Host ROCm stack version shouldn’t matter with dockerized pytorch though as it only relies on the driver.

Something seems off. . . Gimme a bit to look this over. :thinking:

Keep in mind that gfx1010 was never officially supported and was always kept in the gray area:

but neither were the gfx8Xx and gfx9Xx (Fully, partially etc) yet there have been ways to get them to work. Even the APU’s (gfx9Xx +) are working. There needs to be some tweaking of course. If you are able to, building PyTorch from source with all the necessary flags, ROCm info might be an option.

:joy: I’ve even tried building the whole ROCm stack but that is also not officially supported and, let’s just say, there were many roadblocks.


… okay, not only not supported, but also very undocumented.

IIRC torch-only rebuild wasn’t worth it, because the missing parts were mostly in rocBLAS/Tensile and MIOpen.

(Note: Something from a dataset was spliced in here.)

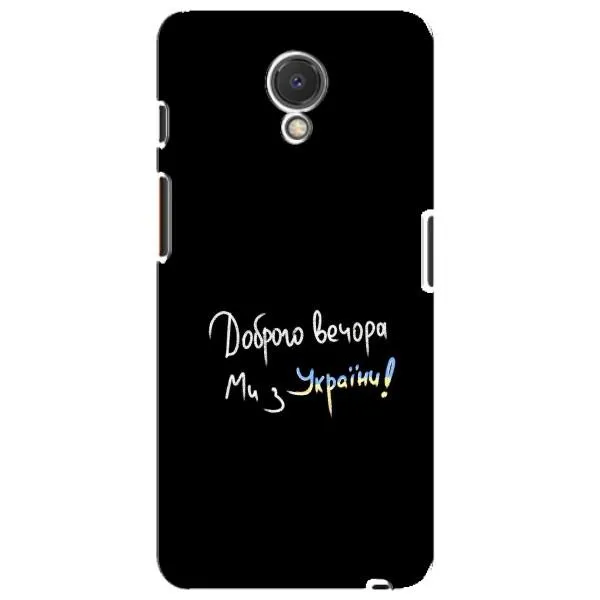 Чехол с принтом «Ми с Украины» для Meizu M6s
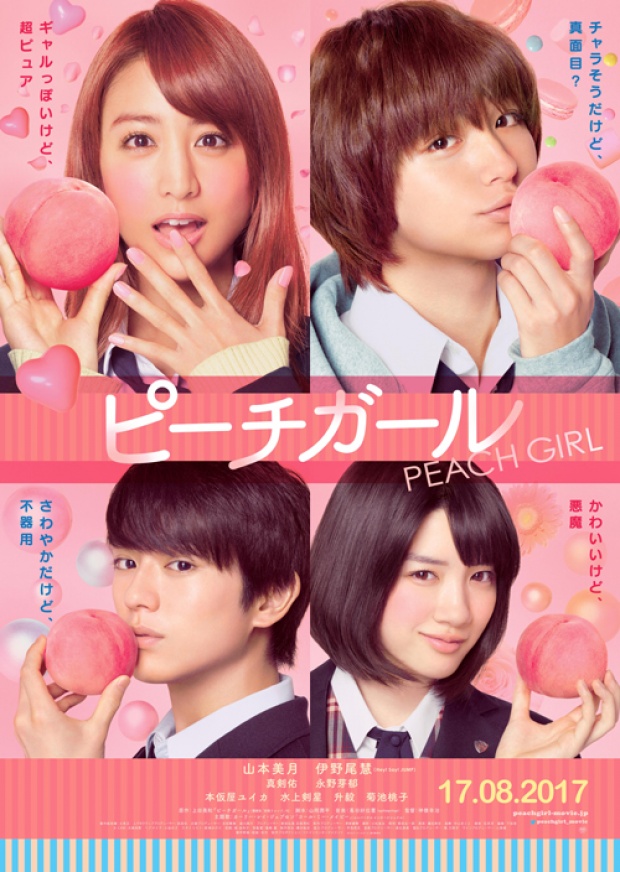 เจาะใจ แมคเคนยู หนุ่มฮอต ของ สาว ๆ ใน Peach Girl ( พีชเกิร์ล )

gfx9xx were more supported because MIs are GCN/CDNA, i.e. gfx906/gfx908/gfx90a, c.f. GPU Support and OS Compatibility (Linux) — ROCm 5.6.0 Documentation Home.
No RDNA (1) card was ever on the support list, because CDNA and RDNA diverged pretty heavily.
RDNA2 cards (RX6xxx) were unofficially supported because we got RDNA2-based PRO cards (V620 and W6800).

1 Like

AMD could sell a ton just for content creators “render boxes”, instead just easier to build a GeForce/Quadro render box for a specific task.
Doubtful ZLUDA can hold up the shim translation layer, next version(s) of CUDA could exclusively rely upon Tensor cores and AMD doesn’t have that on consumer GPUs(yet).